- Born: Robin Jaques 27 March 1920 Chelsea, London, England
- Died: 18 March 1995 (aged 74)
- Occupation: Illustrator
- Spouses: Patricia Bamford; Azetta van der Merwe; Alexandra Mann;
- Children: 1 son (with Bamford)
- Relatives: Hattie Jacques (sister) Robert Bamford (father-in-law) Matilda Etches (mother-in-law)

= Robin Jacques =

English illustrator (1920–1995)

Robin Jacques /ˈdʒeɪks/ (27 March 1920 – 18 March 1995) was a British illustrator whose work was published in more than 100 novels and children's books. He is notable for his long collaboration with Ruth Manning-Sanders, illustrating many of her collections of fairy tales from all over the world. In much of his work, Jacques employed the stippling technique.

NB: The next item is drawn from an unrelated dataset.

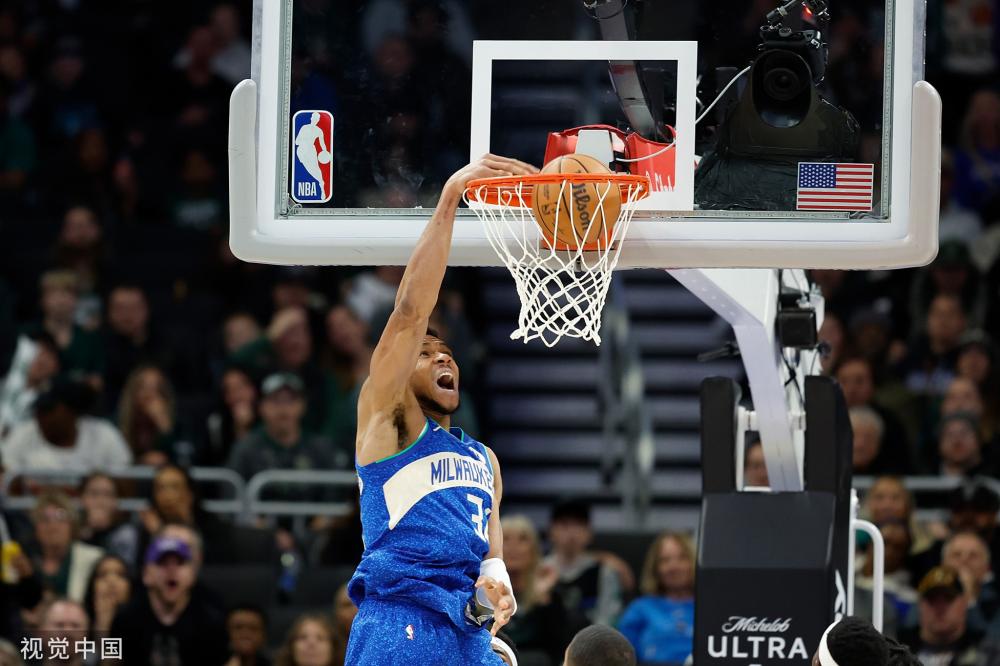 人的困境 人的困境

He was quoted as saying: "My preference is for children's books of the more imaginative and fanciful kind, since these leave greater scope for illustrative invention, where I feel most at home. Thus, my work with Ruth Manning-Sanders has proved most satisfying, and the twenty-five books we have done together contain much of the work that I feel personally happiest with."

==Biography==
Jacques (born Jaques) was the son of World War One pilot Robin Jaques and his wife, Mary. His father was born in 1896, and joined the Middlesex Regiment in 1916, being later commissioned in the Royal Scots Fusiliers. His father was from Newcastle, and attended Rutherford College, and joined the Royal Army Education Corps. When in 100 Sqn, his father hit a field east of Cold Harbour towards Old Somerby at 11.30am on 8 August, in an Avro 504; he had been at Grantham since 2 April 1923. and lived near Folkingham.

His sister Hattie Jacques became a well-known actress. When his sister added a 'c' to her surname, he did as well. Jacques taught himself to be an artist and began working in an advertising agency in his teens. Although he had no formal art training, he enjoyed drawing and used anatomy books, items in the Victoria and Albert Museum, and objects in his surroundings for his instruction.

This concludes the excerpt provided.